How much storage should we provision for your VM? Never worry about it again
Storage provisioning is one of the most crucial first steps in enterprise application deployment.
If you plan to share storage between hosts in a cluster, getting this right gets harder.
And if you need to set a RAID level, whoa nelly!
Setting the correct RAID level, managing the needs of different VM workloads, and balancing that against cost over time is a forbidding calculation. Add the different workload characteristics of the applications and the need to run consolidated workloads on a given storage array and you have an ugly decision to make. Although one could argue that delivering the highest level of performance to the application is the ultimate goal of storage provisioning, most storage admins don’t have the luxury of a limitless budget.
This post is Part 3 in our series exploring how flash impacts VM performance and deployment strategies. Our first post covered the impact of VM host / storage array block alignment, the second post covered the performance differences between different VM types, and this third post will cover how different LUN characteristics and datastore sizes impact performance.
Storage Provisioning for Performance Sucks!

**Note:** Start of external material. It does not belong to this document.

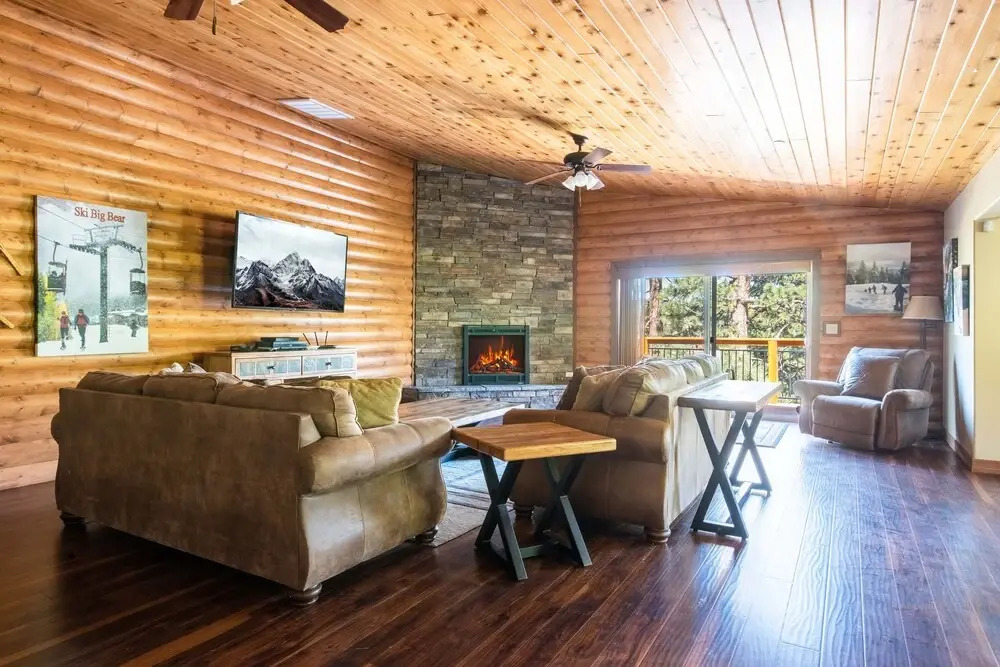 48 - Whispering Aspen Lodge 3 Bedroom Home by Redawning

Storage admins provisioning LUNs usually rely on historic perspectives (lessons learned working with the application admins), vendor white papers, and application best practices for storage. However, when that information isn’t available or relevant, you have to experiment with predictive and adaptive schemes for making a LUN provisioning decision. In a predictive scheme, many LUNs with different storage characteristics are provisioned and a VMFS volume is created. In the adaptive scheme, a large LUN with a certain RAID level is created and multiple VMDKs are created. Applications are run with the VM consuming the different VMDKs on the different datastores. If the application performance is not in the acceptable range (likely), then a new RAID layout or cache tuning is applied and the whole experiment is repeated until performance meets the requirement. When multiple VMs share a LUN, VMware vSphere provides disk shares and Storage I/O Control (SIOC) mechanisms to prioritize or give equal access for the VMs.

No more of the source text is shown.